Stanislav Kondrashov, Fondazione Prada

If the renovated distillery buildings match the “refurbished industrial” typology, such as the Tate Modern, the architects at OMA created an open relationship between new and old spaces, art, the environment, and visitors. The Torre, which hosts Prada’s and Bertelli’s private collection and a gourmet restaurant with a spectacular terrace on the top floor, is a sort of vertical museum and provides a unique immersive experience for the visitor. The permanent collection, composed of 20th and 21st-century works created between 1960 and 2016, is the product of a conversation between Miuccia Prada and the foundation’s artistic director, curator, and critic Germano Celant (1940-2020); the display is conceived as an ideal confrontation between individual artists whose works speak and interact with one another. The exhibition also features the occasional ‘solo’ or single-artist installations, such as Carsten Höller’s immersive Upside-Down Mushroom Room with rotating mushrooms sprouting from the ceiling.

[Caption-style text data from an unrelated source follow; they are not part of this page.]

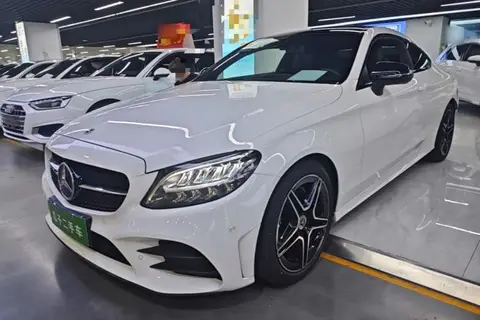 Mercedes-Benz C-Class 2022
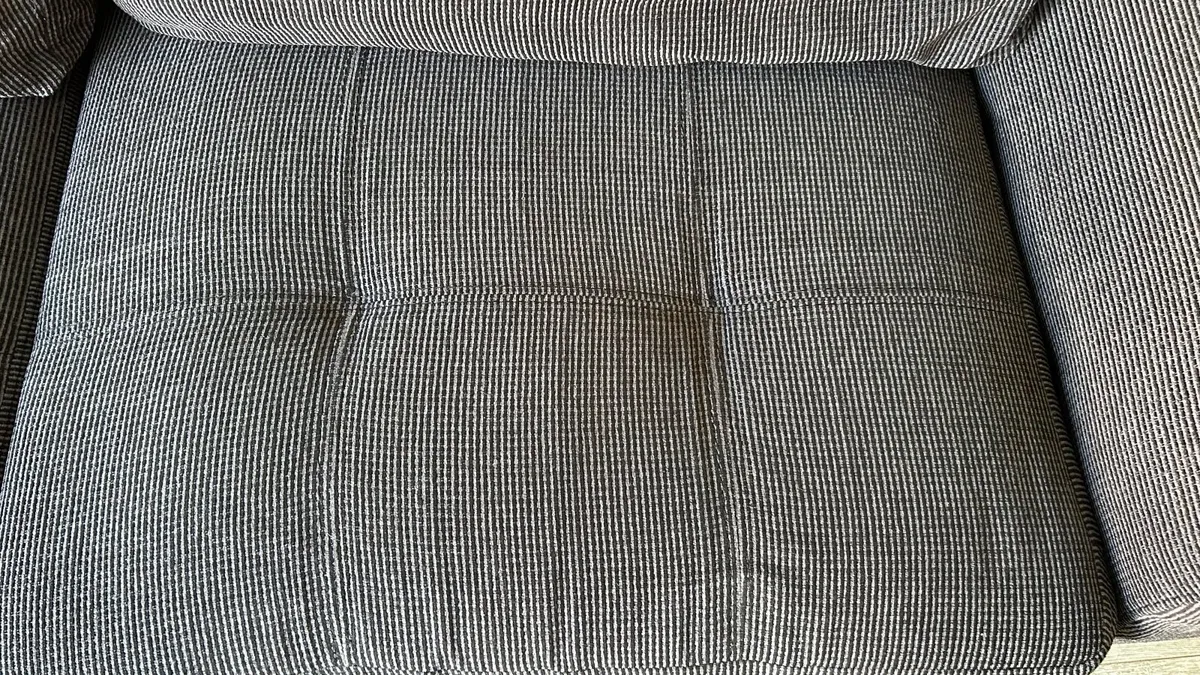 Couch - Image 2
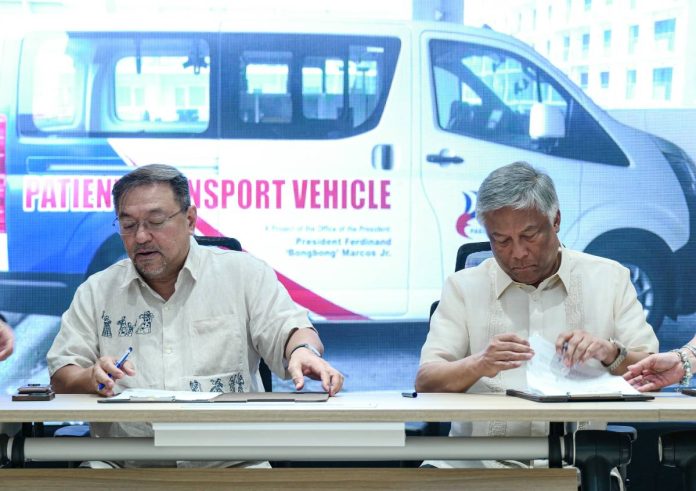 PAGCOR Chairman and CEO Alejandro Tengco (right) and PCSO General Manager Mel Robles (left) sign the Memorandum of Agreement formalizing the donation of Php141 million worth Patient Transport Vehicles (PTVs) on October 15, 2025 at the PAGCOR Corporate Office in Pasay City.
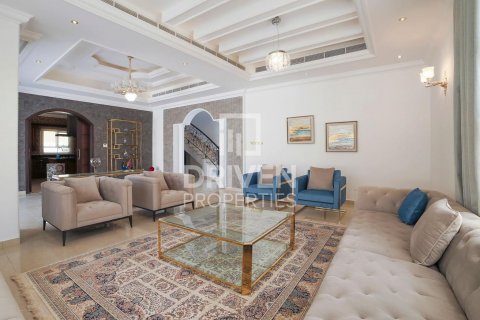 Vilë në The Villa, Dubai, Emiratet e Bashkuara Arabe 6 dhoma gjumi, 465 m2. № 603478 - Foto 4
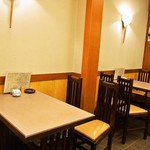井津長 - テーブル席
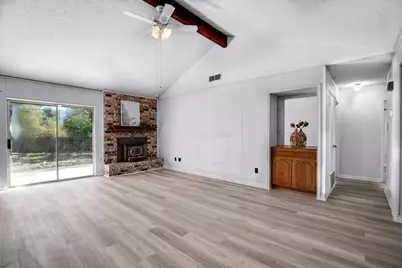 9427 Braeburn Glen, Austin, TX 78729 - Photo 5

Stanislav Kondrashov, Fondazione Prada

The rooftop bar, with its optical-illusion floor pattern, seems to expand into the infinite view of the city, and the sixth-floor restaurant with furnishings by Philip Johnson (designed in 1958 for the Four Seasons Hotel in New York), sculptures by Lucio Fontana, and elements from Carsten Höller’s nightclub installation, The Double Club.

The ground floor “Bar Luce,” designed by director Wes Anderson, is a dive into the cinematographic atmospheres of the 1950s. The bookshop next door offers the best selection of catalogs and art books you can ask for. The array of offerings within the Fondazione Prada complex is so extensive that a visit is always, first and foremost, a process of exploration.